[at-l] Waaay off topic---- Inexpensive wine

Point North pointnorther_light at yahoo.com
Tue Dec 5 19:13:35 CST 2006


Be very careful before you buy a cheap bottle of wine.  Unless you know for a FACT that that particular bottle is a quality wine that has been marked down significantly due to market forces, you're asking for a headache.  Most people do not have access to this information -- you can't trust a "marked down ___% off" sticker -- so just "say no" to inexpensive wine.

Another thing I learned from hard experience, is to consider if the wine has been damaged from heat during transportation.  Let's say you live in Georgia, or Texas, or anyplace east of the Mississippi, and it's a California wine.  That means the wine has been shipped by truck or rail across the southwest deserts, IN UNREFRIGERATED CONTAINERS.  That's right, no refrigeration.  The distributors won't ship in refrigerated rail or truck containers because they don't want to pay the extra freight.

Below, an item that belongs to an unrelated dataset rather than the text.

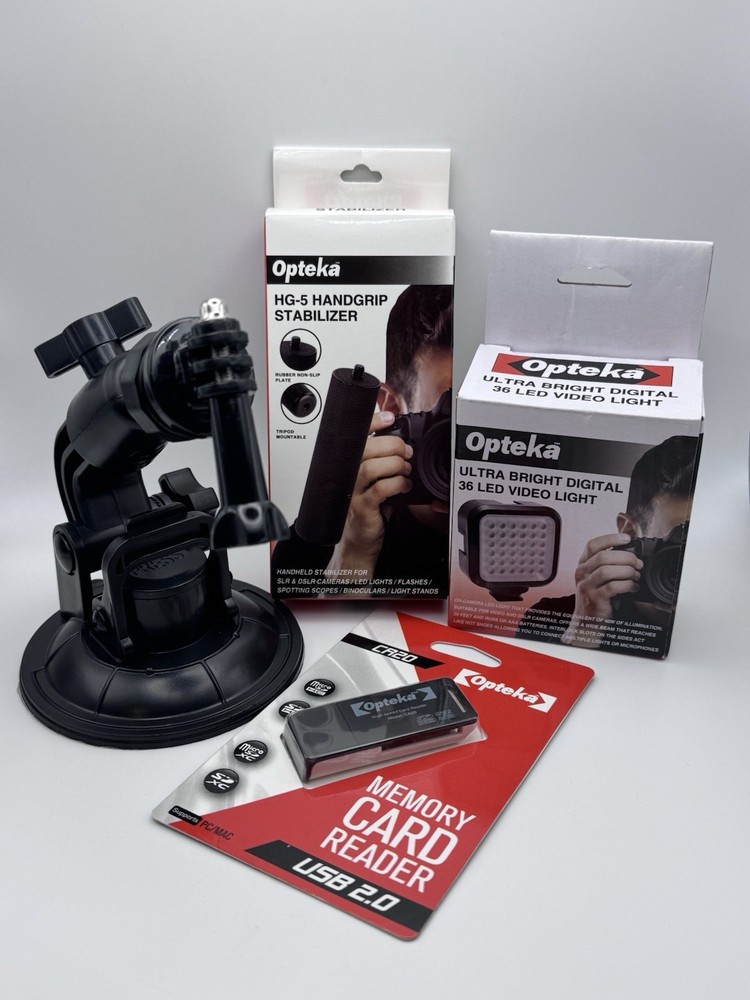 Opteka Camera Accessory Lot -LED Light , Suction Mount, Stabilizer, Card Reader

So, if it's summer or fall and you buy a bottle of otherwise good California red, you're probably buying a bottle that has been exposed to 100+ degree heat for several days, then placed on a local delivery truck in the heat of summer until it finally ended up on your store shelf.  Temperatures over 70 degrees destroy red wine.  You end up with a bottle of "cooked" wine.  Basically not drinkable.

Again, consider where you live and where the wine comes from.  If you live in Oregon, Washington or California, you are lucky ... you can buy a fresh bottle of California red.  If you live in the eastern half of the U.S. maybe you can get an uncooked bottle in the winter and spring, depending on when it was shipped to your regional distributor.  But if it's summer or fall, stay away.